**Exercise data:**
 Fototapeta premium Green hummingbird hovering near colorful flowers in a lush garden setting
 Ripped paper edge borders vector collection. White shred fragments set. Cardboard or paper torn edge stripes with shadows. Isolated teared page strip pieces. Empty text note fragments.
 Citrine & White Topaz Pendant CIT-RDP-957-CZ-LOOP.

* * *

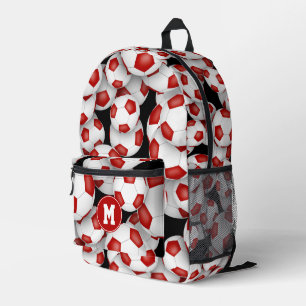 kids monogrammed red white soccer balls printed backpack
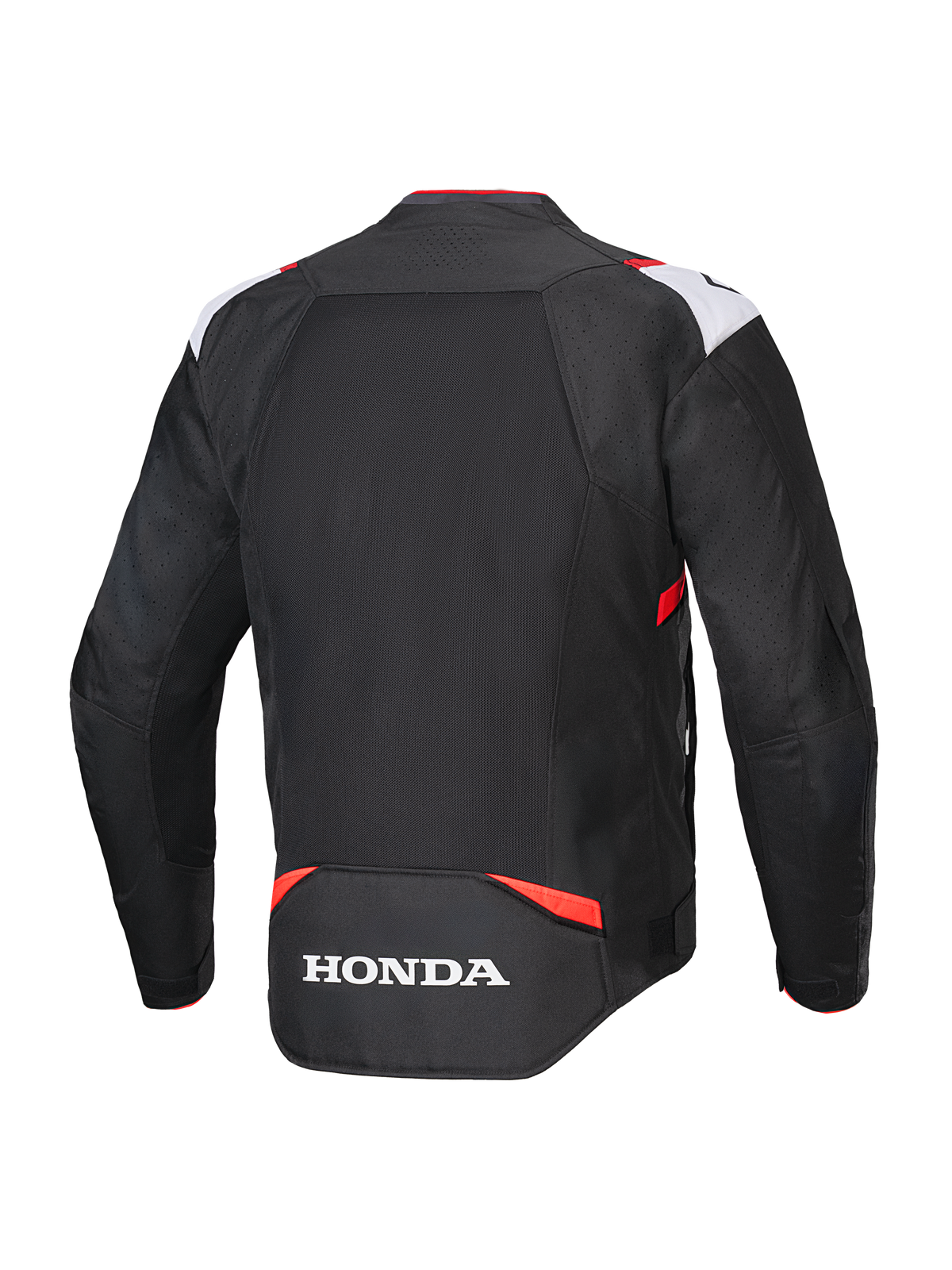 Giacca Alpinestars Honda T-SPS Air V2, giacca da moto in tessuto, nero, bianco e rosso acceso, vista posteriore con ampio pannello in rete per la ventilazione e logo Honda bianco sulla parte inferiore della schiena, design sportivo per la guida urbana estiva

**About this task:**
There is a line with "Ripped paper edge" and a line with "Citrine & White" above. Copy exactly those two lines and all lines between them, with nothing else.

**Answer box:**
 Ripped paper edge borders vector collection. White shred fragments set. Cardboard or paper torn edge stripes with shadows. Isolated teared page strip pieces. Empty text note fragments.
 Citrine & White Topaz Pendant CIT-RDP-957-CZ-LOOP.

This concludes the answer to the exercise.